En la Europa occidental, hace 200 años un 90% de la población vivía en el campo. Actualmente, tan sólo un 10% vive fuera de los núcleos urbanos. Nuestros ante-pasados se mudaron para encontrar trabajo en la industria.
Del desarrollo urbano se derivan muchas consecuencias en la relación del hombre y su entorno natural, y lógicamente, en su relación con los animales de granja.

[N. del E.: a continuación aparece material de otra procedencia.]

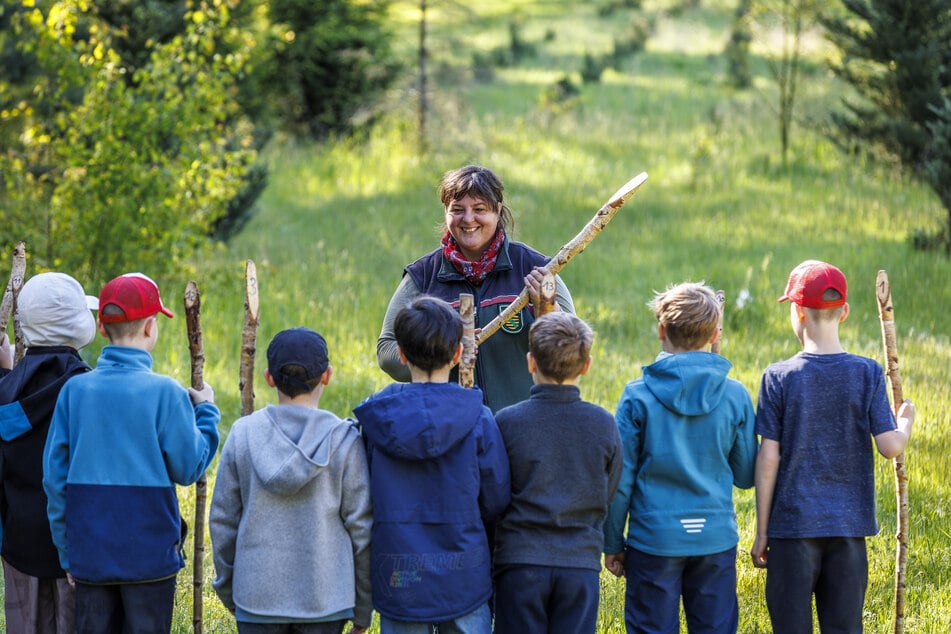 Für Waldpädagogin Jana Mothes (49) sind die Waldjugendspiele eine tolle Möglichkeit, Kindern Natur näherzubringen.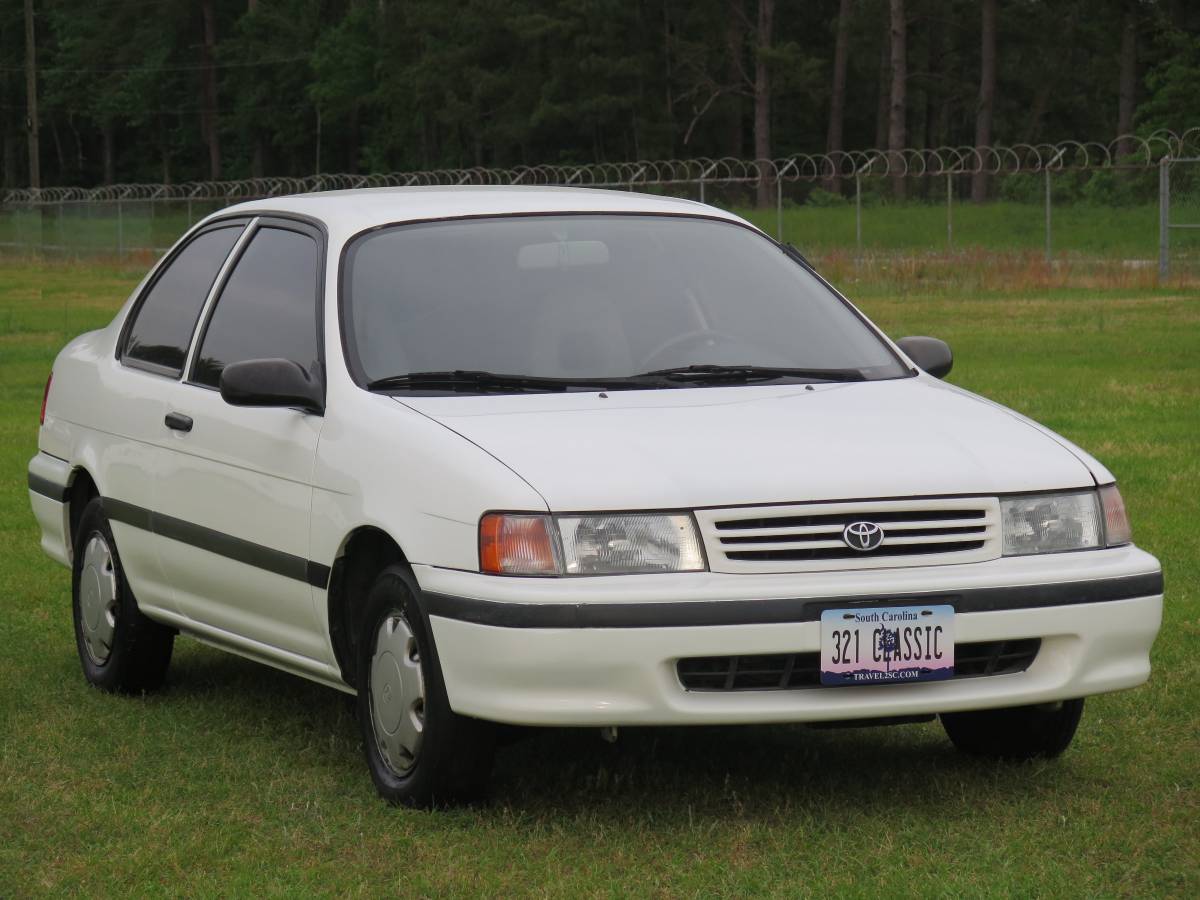 Toyota-tercel-1992-white-33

Una consecuencia del desarrollo económico y del crecimiento continuo de la población en las ciudades es la carencia de lugares para el cultivo de verduras y hortalizas o para la cría de animales de granja. La comida se trae de fuera y se vende en mercados especiales. El hombre de la ciudad se distancia cada vez más del origen de la leche, carne, lana y pan. El desarrollo tecnológico potencia este proceso aún más.
- Actualmente no es posible entrar sin más en una granja. Hay muchas restricciones pensadas para evitar el contagio de enfermedades. Por otra parte, casi todas las granjas se han convertido en criaderos industriales especializados en un solo tipo de animales.
- A lo largo de todo el año es posible conseguir toda clase de alimentos vegetales. Se comen muchos congelados y ya no es necesario hacer conservas para el invierno.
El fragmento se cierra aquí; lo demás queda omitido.